You Can Get Paid to Train Future Humanoids—If You're Prepared for the Consequences
Released on 05/28/2026
Bored at work?
Life feeling emptier than usual?
Interested in preparing the ground
for robots to potentially replace you?
Hi, Reece Rogers and you, like me,
can earn literally tens of dollars
by recording first person videos to train humanoids to
scrub dishes, fold laundry,
pour drinks,
and slice organic cucumbers
after signing up for three platforms,
Kled, Luel,
and Waffle Video.
I performed data collection from the comfort of my apartment
for a full week,
making sure the iPhones strapped to my forehead
could capture all 10 of my fingers.
The videos help companies building robots
improve their AI models.
These paper specific clips known as egocentric data
can be critical for fine tuning machines
to excel at real world tasks
and are in such high demand
that some investors estimate
leading companies will purchase hundreds
of millions of hours from third party suppliers
over the next few years.
Egocentric data collection is already blooming
among gig workers in countries like India.

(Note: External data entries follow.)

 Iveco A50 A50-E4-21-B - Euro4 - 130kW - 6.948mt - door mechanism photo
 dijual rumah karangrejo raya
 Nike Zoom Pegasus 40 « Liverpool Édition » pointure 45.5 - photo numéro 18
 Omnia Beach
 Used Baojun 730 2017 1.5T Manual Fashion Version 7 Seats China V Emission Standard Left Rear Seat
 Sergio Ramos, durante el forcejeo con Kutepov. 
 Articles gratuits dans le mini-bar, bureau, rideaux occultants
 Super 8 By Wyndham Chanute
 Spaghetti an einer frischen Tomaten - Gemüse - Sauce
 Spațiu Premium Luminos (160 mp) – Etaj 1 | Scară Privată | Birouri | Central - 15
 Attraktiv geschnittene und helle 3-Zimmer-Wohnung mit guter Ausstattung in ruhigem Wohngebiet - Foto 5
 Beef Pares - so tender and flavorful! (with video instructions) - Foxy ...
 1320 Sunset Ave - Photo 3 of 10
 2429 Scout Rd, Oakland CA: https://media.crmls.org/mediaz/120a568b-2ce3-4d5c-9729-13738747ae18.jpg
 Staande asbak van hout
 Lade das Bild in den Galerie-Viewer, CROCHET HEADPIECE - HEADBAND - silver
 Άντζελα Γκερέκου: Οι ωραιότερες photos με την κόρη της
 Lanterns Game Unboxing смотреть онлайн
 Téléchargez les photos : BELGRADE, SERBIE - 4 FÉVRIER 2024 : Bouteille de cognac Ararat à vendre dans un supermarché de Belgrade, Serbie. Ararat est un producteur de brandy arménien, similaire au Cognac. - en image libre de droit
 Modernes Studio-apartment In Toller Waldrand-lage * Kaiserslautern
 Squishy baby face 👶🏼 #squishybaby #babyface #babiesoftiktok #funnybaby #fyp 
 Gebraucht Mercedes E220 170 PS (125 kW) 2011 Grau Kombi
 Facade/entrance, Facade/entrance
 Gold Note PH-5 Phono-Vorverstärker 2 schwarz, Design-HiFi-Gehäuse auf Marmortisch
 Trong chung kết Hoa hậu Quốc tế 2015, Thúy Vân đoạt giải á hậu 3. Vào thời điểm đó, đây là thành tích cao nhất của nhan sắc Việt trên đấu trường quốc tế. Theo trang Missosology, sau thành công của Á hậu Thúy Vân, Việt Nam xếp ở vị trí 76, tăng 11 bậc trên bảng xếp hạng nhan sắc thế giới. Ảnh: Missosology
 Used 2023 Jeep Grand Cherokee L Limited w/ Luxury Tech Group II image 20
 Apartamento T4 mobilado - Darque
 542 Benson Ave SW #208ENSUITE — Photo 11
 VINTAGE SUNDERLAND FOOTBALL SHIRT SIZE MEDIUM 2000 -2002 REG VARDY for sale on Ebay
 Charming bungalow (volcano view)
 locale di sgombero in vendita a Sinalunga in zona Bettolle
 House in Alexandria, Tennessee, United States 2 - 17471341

Avi Patel, the 22-year-old founder of Kled,
which says it has over 300,000 users worldwide,
told me that he wants every person on the planet
to be recording themselves doing the dishes.
The top earner on Kled, Patel says,
is a truck driver earning 8,000 a month
by sharing his dashcam footage
and submitting pictures of potholes.
As for my efforts across all platforms,
I earned the princely sum of $21.55 cents
from a week of filming household chores
and uploading more than 100 videos.
On the plus side,
my apartment has never been this clean,
and somewhere a baby robot is a tiny bit smarter.